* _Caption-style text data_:

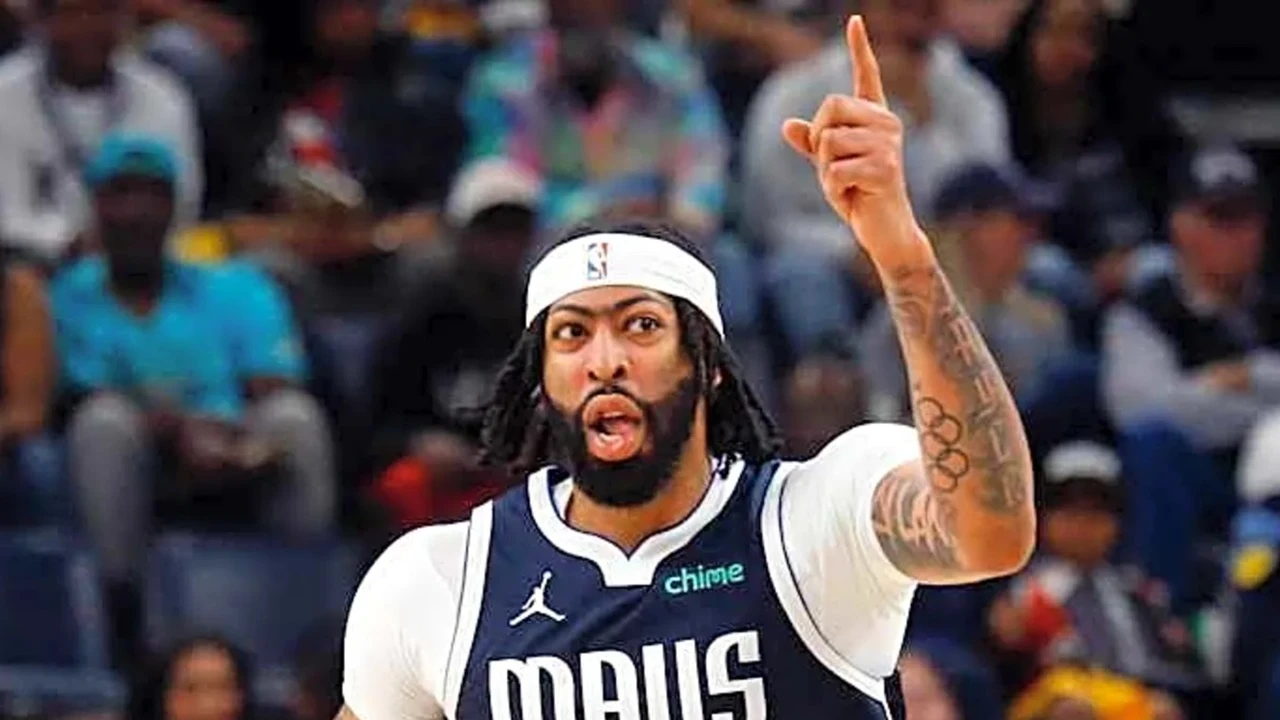 Anthony Davis Mengirim Pesan yang Samardi Medsos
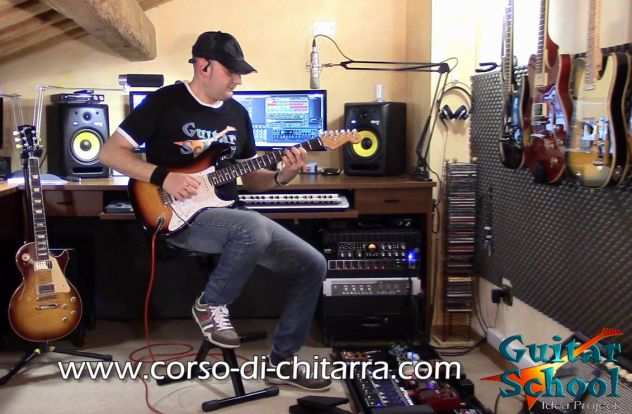 Corsi di chitarra elettrica e acustica su Zoom e Skype lezioni individuali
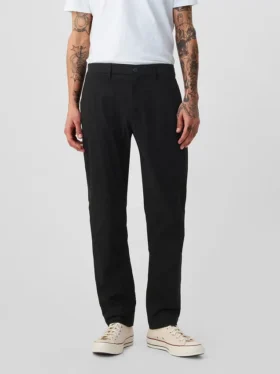 Pantalons kakis modernes à coupe fuselée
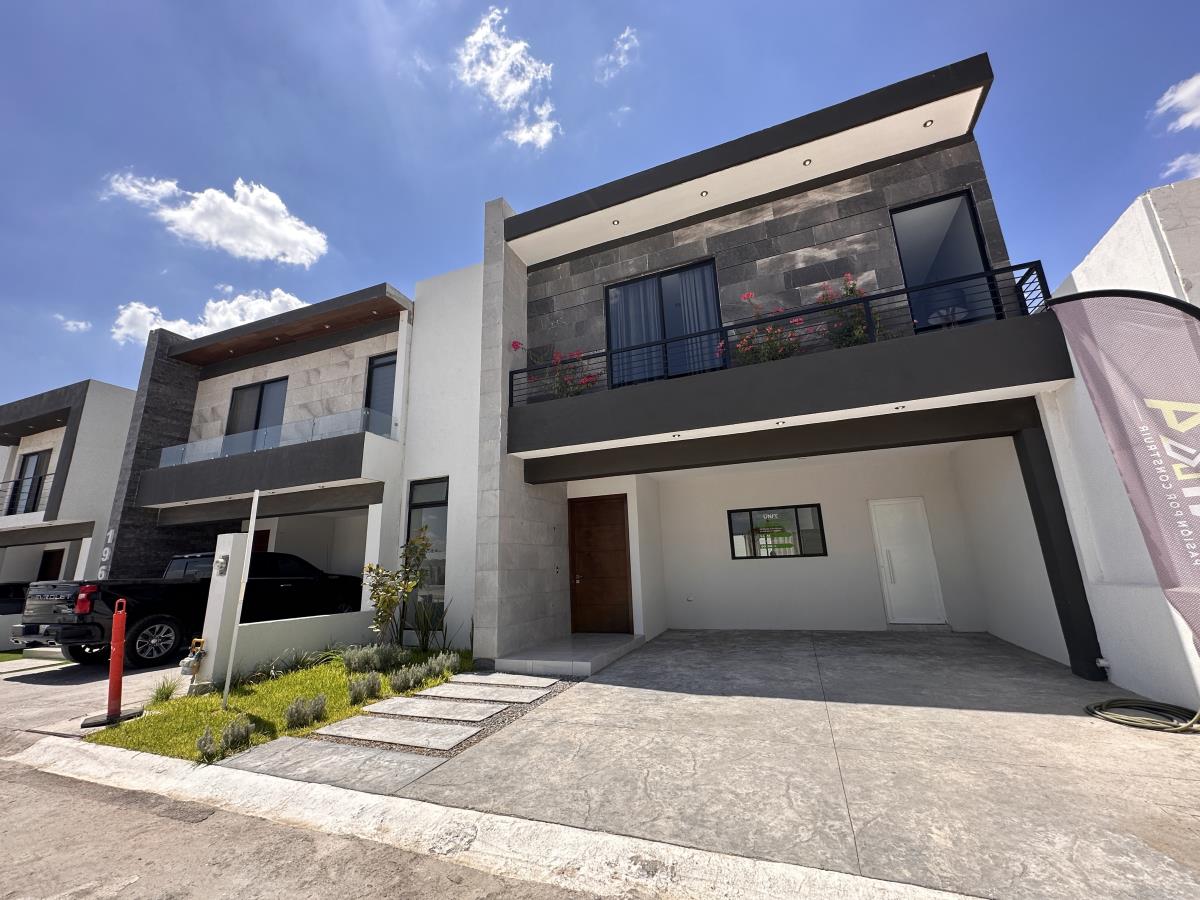 Casa en venta en Los Viñedos, Torreón — foto 1 de 25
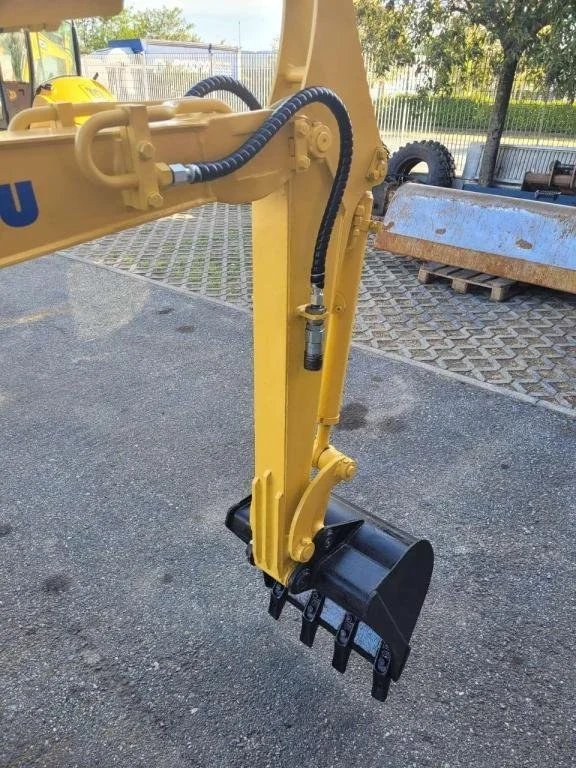 KOMATSU PC 18 MR2 - Image 3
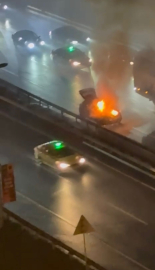 İstanbul - Haliç Köprüsü'nde otomobil yangını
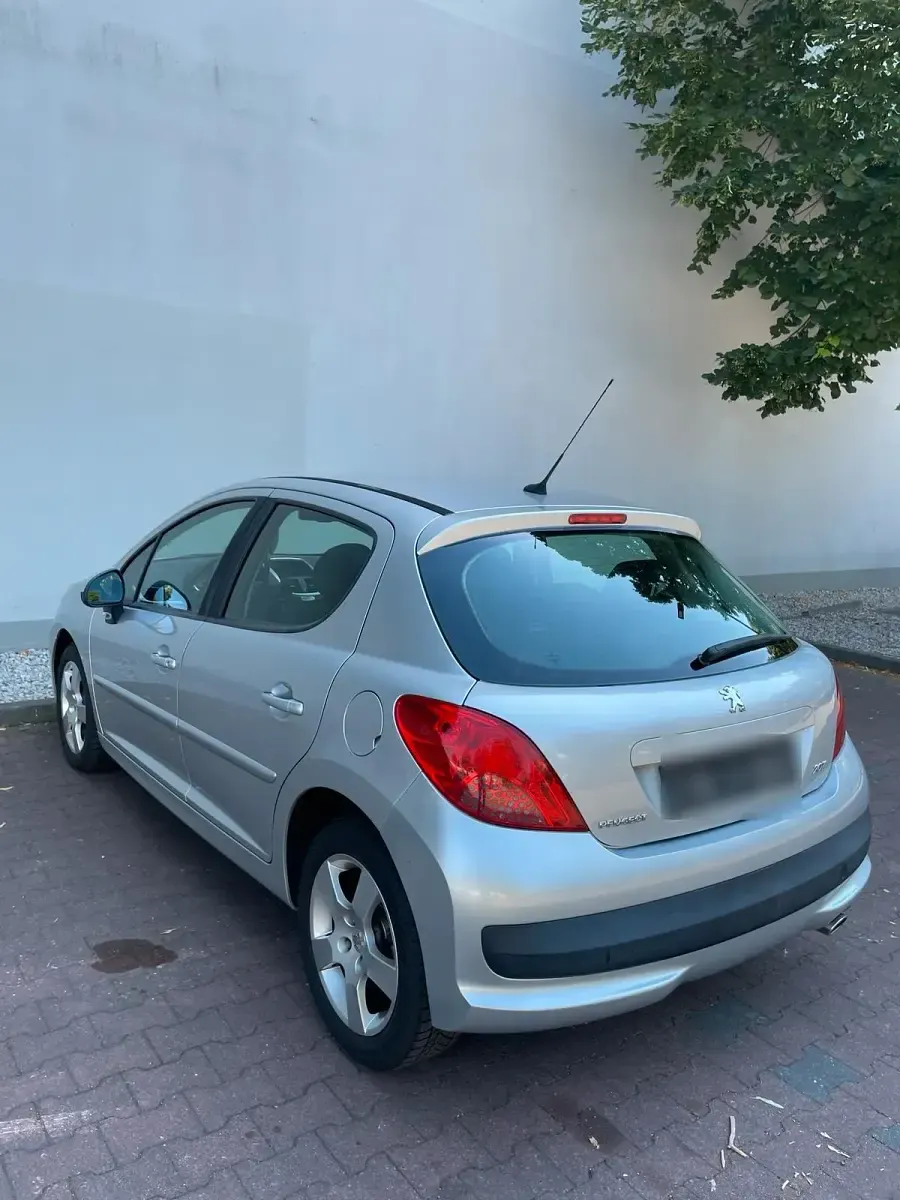 Gebraucht Peugeot 207 120 PS (88 kW) 2008 Silber Limousine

* _To do_: Exclude the pictures, and output exactly the lines from the one with "İstanbul - Haliç" through the last line of the records, both included.

* _Answer space_:
 İstanbul - Haliç Köprüsü'nde otomobil yangını
 Gebraucht Peugeot 207 120 PS (88 kW) 2008 Silber Limousine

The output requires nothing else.